A transparent passage in the book seems to hold the key to both Doerr’s philosophy and to the central problem of the book. ‘All day … a sensitivity had been building within [Winkler]: the slightest shift in light or air touched the backs of his eyes, reached membranes inside his nose. It was as if, like a human divining rod, he had been attuning to vapor as it gathered in the atmosphere, sensing it – water rising in the xylem of trees, leaching out of stones, even the last unfrozen volumes, gargling deep beneath the forest in tangled, rocky aquifers – all these waters rising through the air, accumulating in the clouds, stretching and binding, condensing and precipitating – falling’. It encapsulates the whole problem of a style that can sometimes stray into the selfconsciously hypersensitive and precious and the problem of balance, the way the human is compulsively stunted in favor of the natural.
The human action and human interests, characterization, dialogue, all appear oddly attenuated when set within the frame of this overdeveloped poetic realism. Pathetic fallacy only works if there is something convincing in the inner weather to which a sympathetic correlative is found in nature. Faced with the occasionally thin credibility of the characters, the exquisite avenues of light and cloud formations and ice crystals down which Doerr leads us prove disappointingly to be cul-de-sacs when we reach the inevitable destination.
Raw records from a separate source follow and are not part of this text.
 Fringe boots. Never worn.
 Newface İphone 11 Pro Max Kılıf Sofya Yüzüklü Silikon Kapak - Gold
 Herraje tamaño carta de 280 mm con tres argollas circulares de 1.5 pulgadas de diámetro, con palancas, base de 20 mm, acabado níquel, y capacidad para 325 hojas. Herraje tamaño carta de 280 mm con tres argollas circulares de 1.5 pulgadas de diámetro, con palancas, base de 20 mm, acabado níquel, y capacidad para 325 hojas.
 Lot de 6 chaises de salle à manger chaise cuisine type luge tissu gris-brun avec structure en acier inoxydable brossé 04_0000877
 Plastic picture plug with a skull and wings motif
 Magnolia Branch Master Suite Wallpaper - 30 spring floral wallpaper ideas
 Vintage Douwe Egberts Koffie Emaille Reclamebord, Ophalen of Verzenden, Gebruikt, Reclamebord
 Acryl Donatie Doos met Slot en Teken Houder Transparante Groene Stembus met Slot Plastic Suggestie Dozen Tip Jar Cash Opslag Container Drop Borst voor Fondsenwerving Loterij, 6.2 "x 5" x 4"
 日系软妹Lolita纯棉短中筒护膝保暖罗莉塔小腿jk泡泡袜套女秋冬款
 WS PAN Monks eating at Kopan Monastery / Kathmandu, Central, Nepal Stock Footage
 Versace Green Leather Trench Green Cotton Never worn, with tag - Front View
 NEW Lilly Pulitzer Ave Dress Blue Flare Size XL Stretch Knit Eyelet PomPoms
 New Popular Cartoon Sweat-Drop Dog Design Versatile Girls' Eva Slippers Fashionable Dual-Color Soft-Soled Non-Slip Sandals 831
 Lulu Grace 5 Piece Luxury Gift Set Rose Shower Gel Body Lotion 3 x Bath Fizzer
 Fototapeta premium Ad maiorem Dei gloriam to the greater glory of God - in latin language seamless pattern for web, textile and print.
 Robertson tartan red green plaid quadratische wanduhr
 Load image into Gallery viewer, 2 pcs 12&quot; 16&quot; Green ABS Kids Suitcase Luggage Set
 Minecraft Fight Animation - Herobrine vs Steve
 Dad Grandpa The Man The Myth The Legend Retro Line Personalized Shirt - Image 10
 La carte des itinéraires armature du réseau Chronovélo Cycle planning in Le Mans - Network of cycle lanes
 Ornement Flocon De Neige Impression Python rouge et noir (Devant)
Doerr reaches heroically towards the humanization of his novel with Winkler’s return to the US and his attempts to reinscribe himself into the notion and experience of family by tracing Grace, now a young woman with a child of six, Christopher. Just as his relationship with Naaliyah, a proxy daughter, set him on the path to finding his real one, this time, too, Winkler is given hope, absolution and grace by Herman Sheeler and Christopher, in two relationships combining atonement and a rewriting of the past, a relearning of responsibility. These are definitely the most moving sections of the book, but too much brightness dazzles and distracts, and the wall of luminous prose almost ringfences the reader’s heart, something Doerr clearly wants to sway. A writer as dizzyingly talented and as generous as Doerr should be confident enough to do away with some of the more blinding fireworks.